Task to carry out —
Restate the listing word for word. Stop at the line that holds "A bowl of kale chickpea salad", include it, and leave out all pictures.

Data —
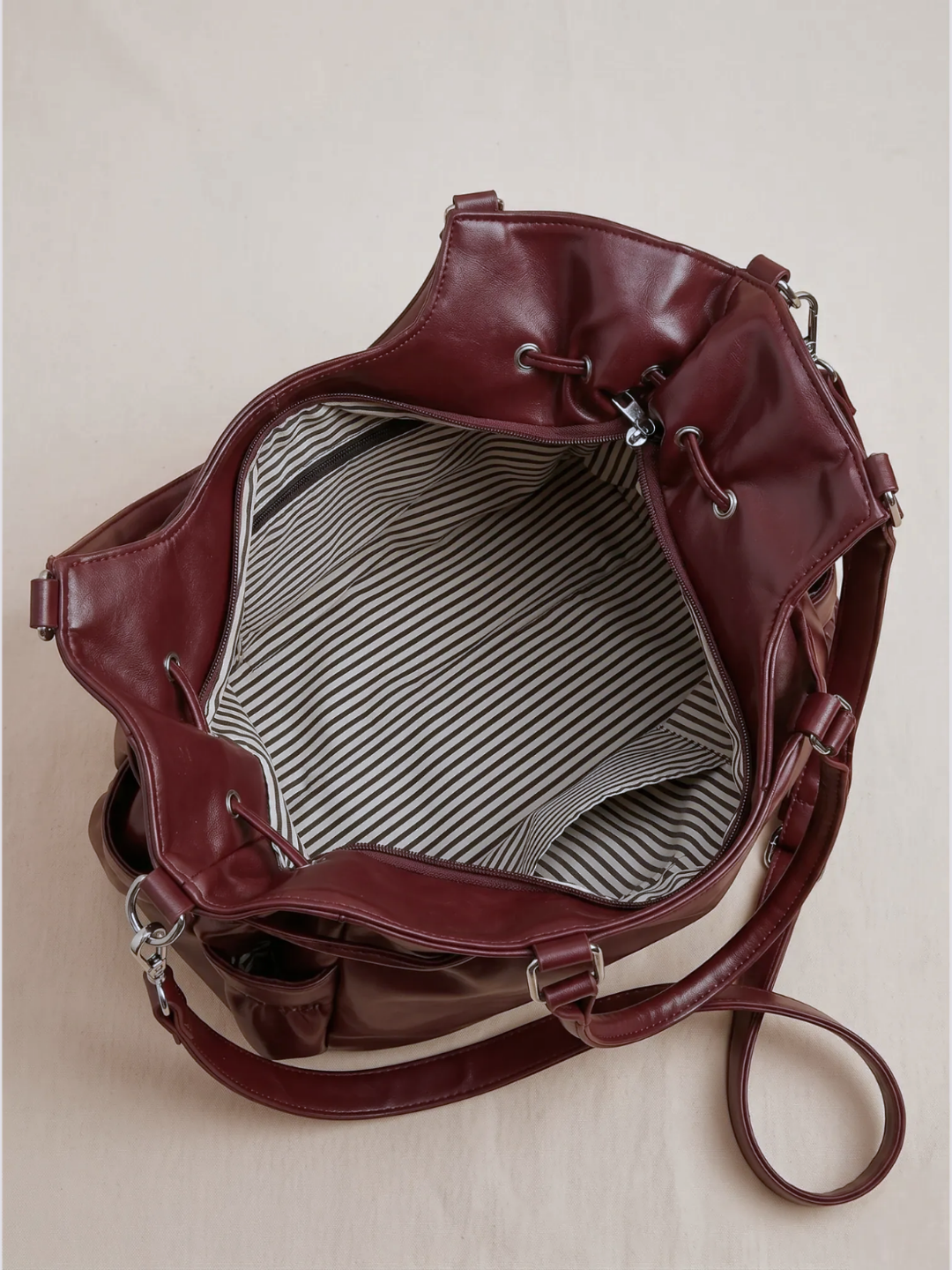 Le Nova burgundy tote bag open showing the striped interior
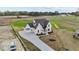Aerial shot of a home with a long driveway, well-maintained lawn, and exterior architectural details at 4909 Hidden Pasture Way, Zebulon, NC 27597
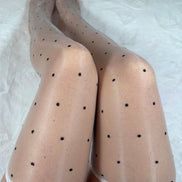 Polka dot white oil shine stockings.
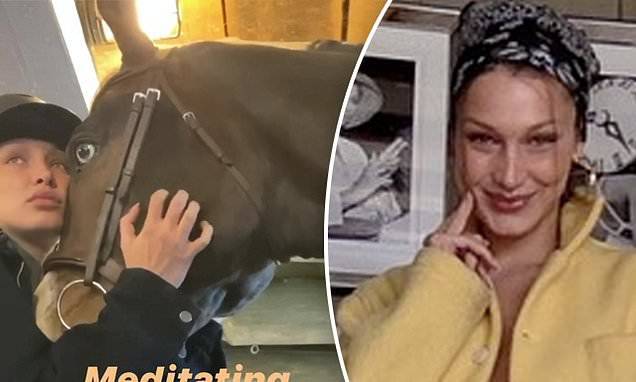 Bella Hadid - Bella Hadid cuddles up to her horse and says she is 'meditating' while isolating on ranch - dailymail.co.uk - state Pennsylvania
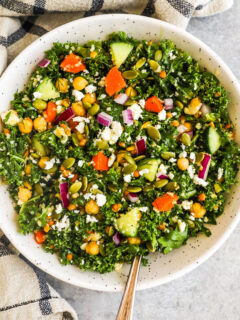 A bowl of kale chickpea salad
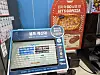 Touchscreen lottery kiosk with Korean text beside a red GoPizza pizza advertisement.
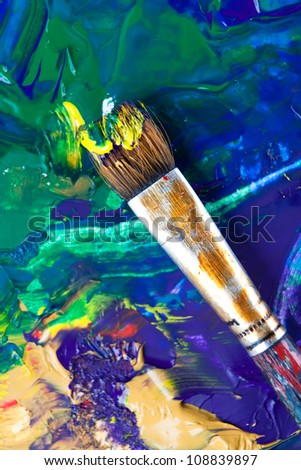 Painting some picture with paintbrush using mixture of blue, green, yellow, violet colors, white background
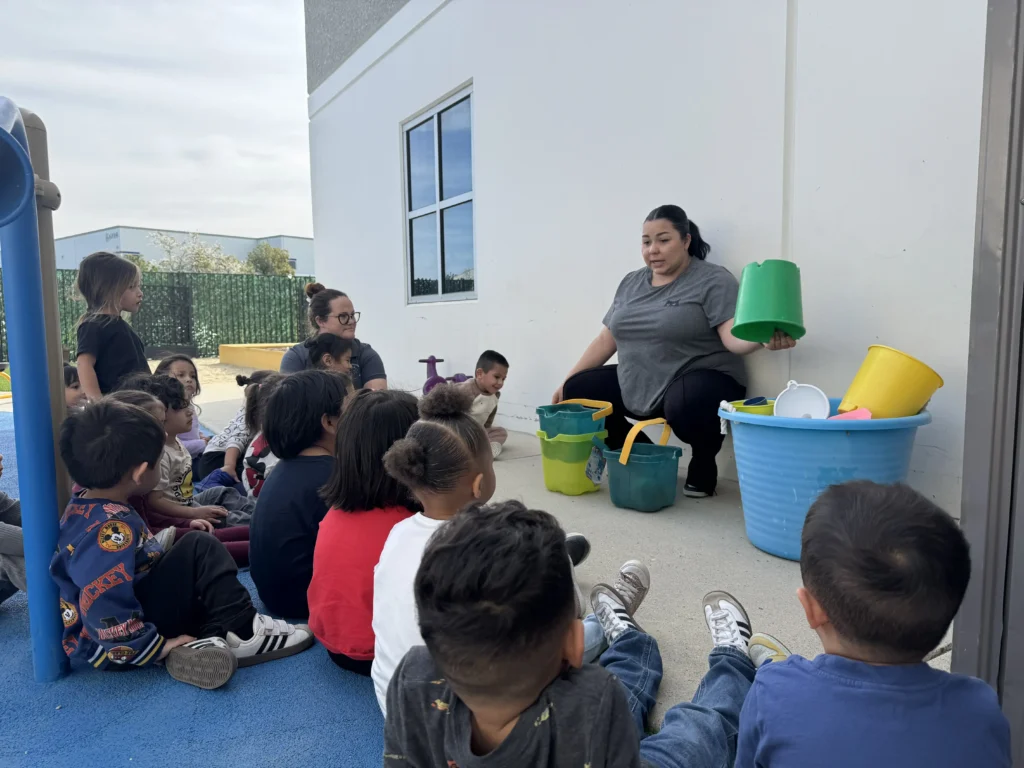 A teacher engaging children in an outdoor lesson with colorful learning materials at GMCC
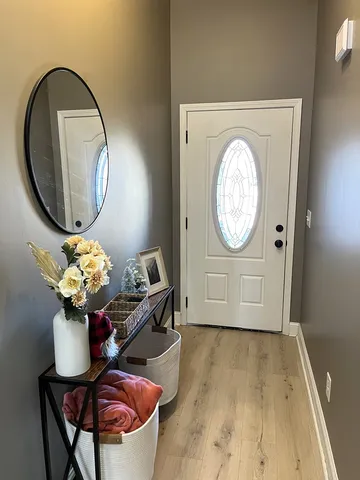 a front view of a house with wooden floor a glass table and a vase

Task answer —
 Le Nova burgundy tote bag open showing the striped interior
Aerial shot of a home with a long driveway, well-maintained lawn, and exterior architectural details at 4909 Hidden Pasture Way, Zebulon, NC 27597
 Polka dot white oil shine stockings.
 Bella Hadid - Bella Hadid cuddles up to her horse and says she is 'meditating' while isolating on ranch - dailymail.co.uk - state Pennsylvania
 A bowl of kale chickpea salad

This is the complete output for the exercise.